There is also the Latency Penalty. Sage is not built for raw speed; it's built for correctness. Even with parallel agents, a multi-stage pipeline has inherent overhead. You are trading the "instant" response of a single prompt for the thoroughness of a multi-gate verification process. Furthermore, the framework is currently a reference design for Claude Code-specific primitives. While the core ideas are port-agnostic, the implementation relies on the specific behavior of Claude's agentic tools.

Perhaps the most fragile part of the system is the Orchestrator itself. In this version, the scheduler's logic, handling cycle budgets, deadlock detection, and dependency resolution, lives as instructions in a Markdown file. It is an LLM-managed state machine. This makes the system incredibly flexible and easy to iterate on, but it introduces a layer of non-determinism into the brain of the framework: a future model reads those instructions differently and the behavior shifts. The fix I'm planning is to move the scheduling logic into typed Python and leave Markdown for the role prompts, not the control flow.

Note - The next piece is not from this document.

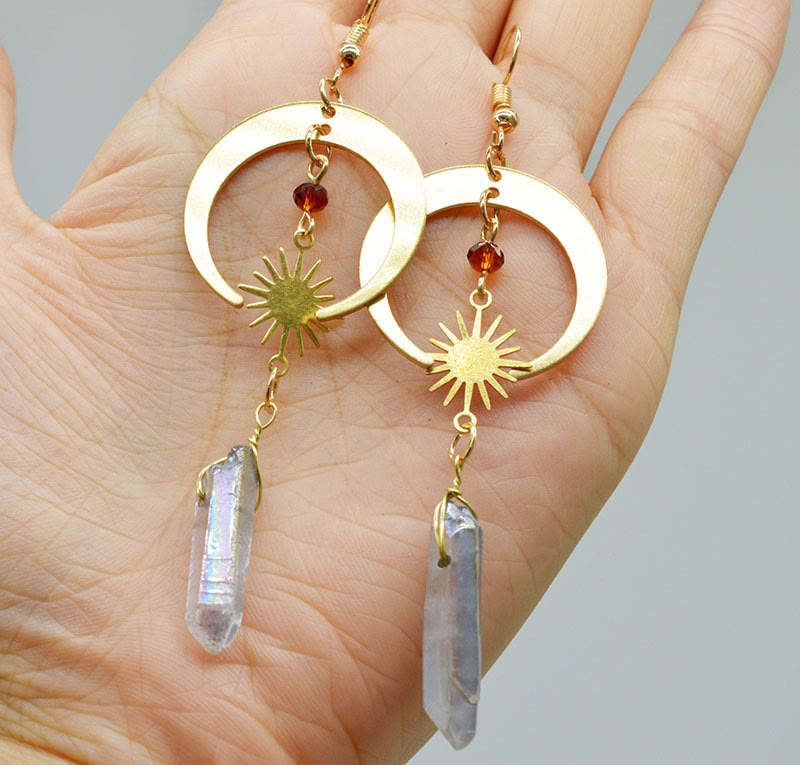 Boucles d'oreilles en cristal naturel lune-étoiles – Elara
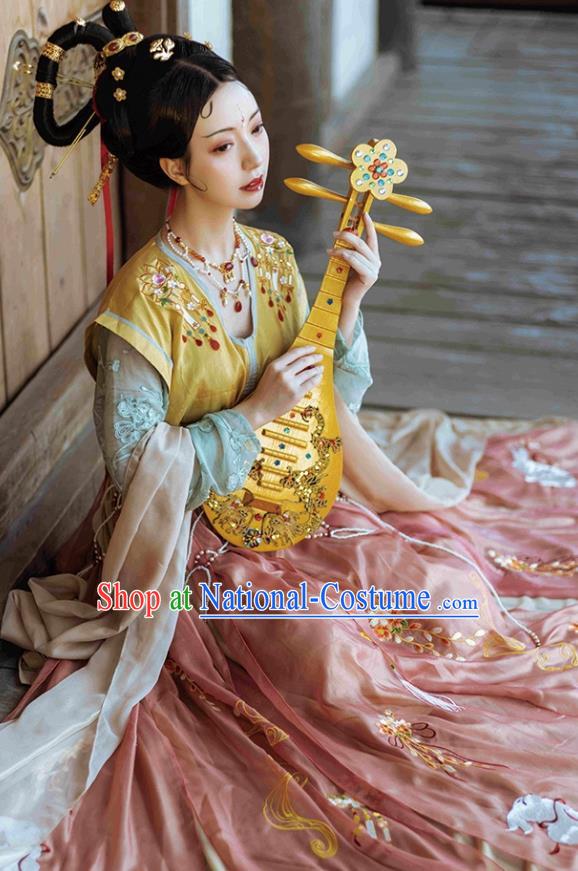 Chinese Traditional Tang Dynasty Woman Garment Embroidered Hanfu Dress Ancient Flying Apsaras Historical Costumes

Conclusion: Beyond the Green Build

I didn't build Sage to be the fastest way to generate code; I built it to be a reliable way to ship a feature. The Breadcrumbs codebase that once delivered 17 architecturally perfect files with no tests now runs a TestCreator before any Developer writes a line. The Melody app that launched to a blank "Hello Android" screen now has an itemized implementation map for every requirement and a cross-story regression suite that catches the bugs individual stories miss.

The failures of Breadcrumbs and Melody weren't just bugs; they were the blueprint for a system that holds AI-written code to the same bar as anything else we ship. "Done" has to be something the system can check, not something an agent gets to declare.

The gates aren't magic, and it's worth being honest about their edge. They catch completion lies and cross-story breakage. They don't catch architectural drift. Four stories can each ship perfectly reasonable, working code and still add up to something incoherent. Catching that still takes a human architect.

By moving the source of truth from agent memory to the file system, we move one step closer to an AI-driven workflow we can actually trust. The failures built the system. That's what scar tissue is for.

The framework, including the static-site-generator example and a fully-committed end-to-end reference run, is open source at github.com/merrickcr/sage-feature-team.

Originally published on Medium.

Top comments (1)

Alex Shev • Jun 12

The strongest part here is separating “produced code” from “earned confidence.” A lot of AI coding workflows still treat tests as a final accessory, so the agent can generate a clean-looking architecture and then quietly skip the proof. Having a different role own acceptance criteria and verification changes the failure mode: the system has to prove progress, not just describe it.